I finally made it running.
I’ve added a --oversubscribe flag to mpirun, so it launches executables even it is not enough resources (not the work case, but made things more clear).
The story is that while slurm allocates the proper resources (--nodes=8 --ntasks=256 --ntasks-per-node=32):
[ntilinin@login02 test]$ squeue -u ntilinin
JOBID PARTITION NAME USER ST TIME NODES NODELIST(REASON)
12680859 boost_usr mpi_scri ntilinin R 21:07 8 lrdn[0257,0287,0863,0977,2113,2373,2550,2587]
mpirun only uses 1 node (tested it with test mpi hello world) as OpenMPI 4.1.4 from ACCESS NRI package was built using ‘—without-slurm' option. mpirun or srun would not work properly in this case. The ORTE error was due to ssh communication between nodes not configured/not working.
@Aidan, probably this might contribute to the future plans for slurm adaptation you mentioned - install OpenMPI with slurm so that srun command works (‘—without-slurm' option disabled).

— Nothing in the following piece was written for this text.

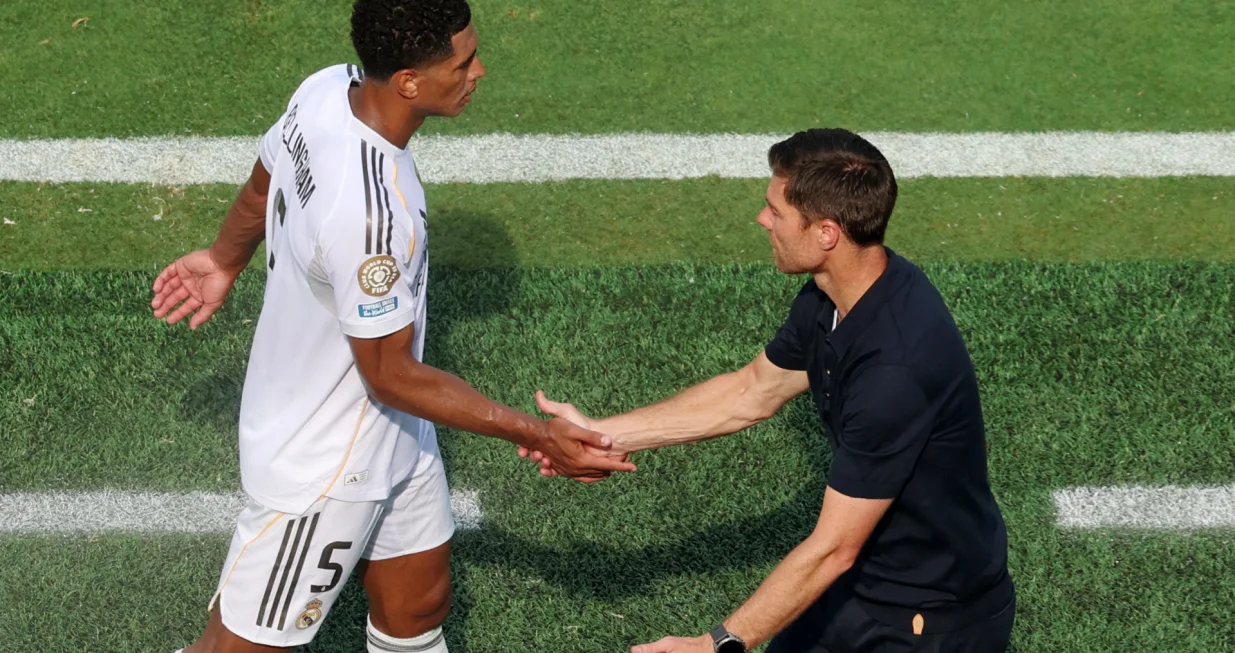 FOTO: REUTERS/Hannah Mckay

It runs now on one node only (32 cores) and fails with:
==> NOTE from ocean_model_init: reading maskmap information from > INPUT/ocean_mask_table
parse_mask_table: Number of domain regions masked in ocean model = 24FATAL from PE 0: fms_io(parse_mask_table_2d): mpp_npes() .NE. layout(1)*layout(2) - nmask for ocean model
Probably this has something to do with the ocean mask size, the number of MPI processes does not fit 32 cores and requires more.
@angus-g, you gave a right hint, thank you!

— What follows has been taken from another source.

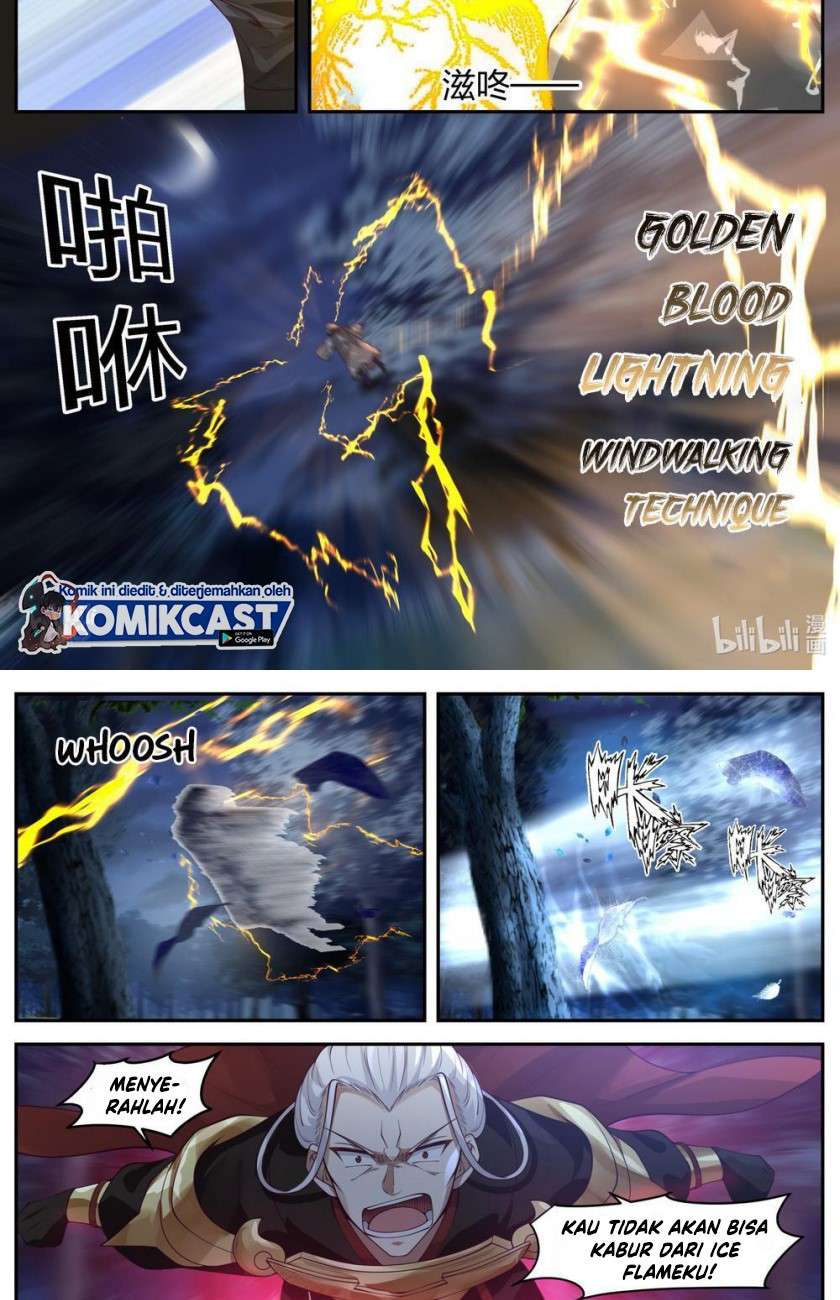 Martial God Asura Chapter 192 Gambar 8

@anton, thank you for advices! This was the beginning of my journey last year with ACCESS OM2, I compiled it with system provided OpenMPI and netcdf from the COSIMA repo. That worked somehow, but then the COSIMA repo was no longer supported and migrated to ACCESS NRI and I was advised to use spack, we installed everything with Harshula online from ACCESS NRI package using spack (model *.exe files, OpenMPI, etc.)
I’m aware (read somewhere on forum) that spack built installation runs slower than executables compiled with system provided OpenMPI, but at this point I just want to make it working one or the other way.
So now I probably should go back to the beginning and compile the model with system wide OpenMPI and netcdf again. Leornardo supports spack and I can probably install the OpenMPI and netcdf versions that would be compatible with ACCESS OM2 source code, will try to workaround with spack now (helpdesk only works with tickets/e-mails, they are located in another city, might use this option later on too).
Many thanks again for help!